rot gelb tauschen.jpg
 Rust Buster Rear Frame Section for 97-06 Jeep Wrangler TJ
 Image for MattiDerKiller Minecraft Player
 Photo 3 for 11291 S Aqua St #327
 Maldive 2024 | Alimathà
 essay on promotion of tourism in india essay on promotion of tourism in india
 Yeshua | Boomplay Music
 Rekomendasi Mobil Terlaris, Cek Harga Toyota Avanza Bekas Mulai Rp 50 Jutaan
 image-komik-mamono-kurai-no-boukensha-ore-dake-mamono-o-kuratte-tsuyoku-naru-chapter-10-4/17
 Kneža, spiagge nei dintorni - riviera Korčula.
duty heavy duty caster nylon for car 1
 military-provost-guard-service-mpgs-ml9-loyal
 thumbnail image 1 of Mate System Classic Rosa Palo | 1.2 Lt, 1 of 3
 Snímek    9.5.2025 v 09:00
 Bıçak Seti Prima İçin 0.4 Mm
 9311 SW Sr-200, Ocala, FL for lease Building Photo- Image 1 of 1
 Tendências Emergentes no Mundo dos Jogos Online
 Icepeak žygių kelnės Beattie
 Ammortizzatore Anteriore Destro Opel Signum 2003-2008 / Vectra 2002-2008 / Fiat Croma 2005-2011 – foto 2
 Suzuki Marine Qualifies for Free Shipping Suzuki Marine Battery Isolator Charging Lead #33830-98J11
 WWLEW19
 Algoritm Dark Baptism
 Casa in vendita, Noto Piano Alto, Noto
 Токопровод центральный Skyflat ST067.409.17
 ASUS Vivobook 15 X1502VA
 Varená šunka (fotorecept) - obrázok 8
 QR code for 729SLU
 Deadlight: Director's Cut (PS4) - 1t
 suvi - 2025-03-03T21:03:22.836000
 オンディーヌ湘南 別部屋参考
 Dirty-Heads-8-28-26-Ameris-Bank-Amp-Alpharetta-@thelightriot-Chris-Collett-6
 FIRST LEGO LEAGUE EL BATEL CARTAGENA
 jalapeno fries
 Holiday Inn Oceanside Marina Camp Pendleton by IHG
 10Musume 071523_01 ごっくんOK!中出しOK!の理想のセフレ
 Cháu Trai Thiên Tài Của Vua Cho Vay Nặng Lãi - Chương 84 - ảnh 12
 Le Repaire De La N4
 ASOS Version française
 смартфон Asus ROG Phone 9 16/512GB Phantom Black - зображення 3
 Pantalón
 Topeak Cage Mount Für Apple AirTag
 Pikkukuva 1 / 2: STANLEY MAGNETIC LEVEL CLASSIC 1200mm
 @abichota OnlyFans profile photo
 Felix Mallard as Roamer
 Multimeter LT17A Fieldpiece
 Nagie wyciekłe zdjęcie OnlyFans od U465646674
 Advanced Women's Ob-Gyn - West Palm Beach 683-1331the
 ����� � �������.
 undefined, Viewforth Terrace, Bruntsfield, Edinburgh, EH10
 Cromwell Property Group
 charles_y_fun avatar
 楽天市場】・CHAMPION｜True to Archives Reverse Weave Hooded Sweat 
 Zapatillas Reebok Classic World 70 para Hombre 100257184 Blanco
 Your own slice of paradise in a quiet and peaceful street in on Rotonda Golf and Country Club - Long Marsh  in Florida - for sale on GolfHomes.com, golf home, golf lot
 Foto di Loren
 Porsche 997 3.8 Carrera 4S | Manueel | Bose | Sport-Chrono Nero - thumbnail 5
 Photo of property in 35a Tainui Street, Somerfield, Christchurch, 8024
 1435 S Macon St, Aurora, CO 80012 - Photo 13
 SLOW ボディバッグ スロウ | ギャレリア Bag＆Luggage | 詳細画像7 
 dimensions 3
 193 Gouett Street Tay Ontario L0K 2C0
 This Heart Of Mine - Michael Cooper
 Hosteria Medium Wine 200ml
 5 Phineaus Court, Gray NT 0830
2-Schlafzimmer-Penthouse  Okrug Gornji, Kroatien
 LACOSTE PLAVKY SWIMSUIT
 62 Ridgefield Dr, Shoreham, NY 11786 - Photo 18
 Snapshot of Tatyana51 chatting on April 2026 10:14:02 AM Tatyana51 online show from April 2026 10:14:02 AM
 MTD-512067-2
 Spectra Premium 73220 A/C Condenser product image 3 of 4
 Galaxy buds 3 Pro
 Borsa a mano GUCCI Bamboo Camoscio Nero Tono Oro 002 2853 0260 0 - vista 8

▶ _Task goal_: Above this task is a listing. Restate, word for word and with nothing added, the lines from the one with "OnlyFans profile photo" through the one with "charles_y_fun avatar".

▶ _Written response_:
 @abichota OnlyFans profile photo
 Felix Mallard as Roamer
 Multimeter LT17A Fieldpiece
 Nagie wyciekłe zdjęcie OnlyFans od U465646674
 Advanced Women's Ob-Gyn - West Palm Beach 683-1331the
 ����� � �������.
 undefined, Viewforth Terrace, Bruntsfield, Edinburgh, EH10
 Cromwell Property Group
 charles_y_fun avatar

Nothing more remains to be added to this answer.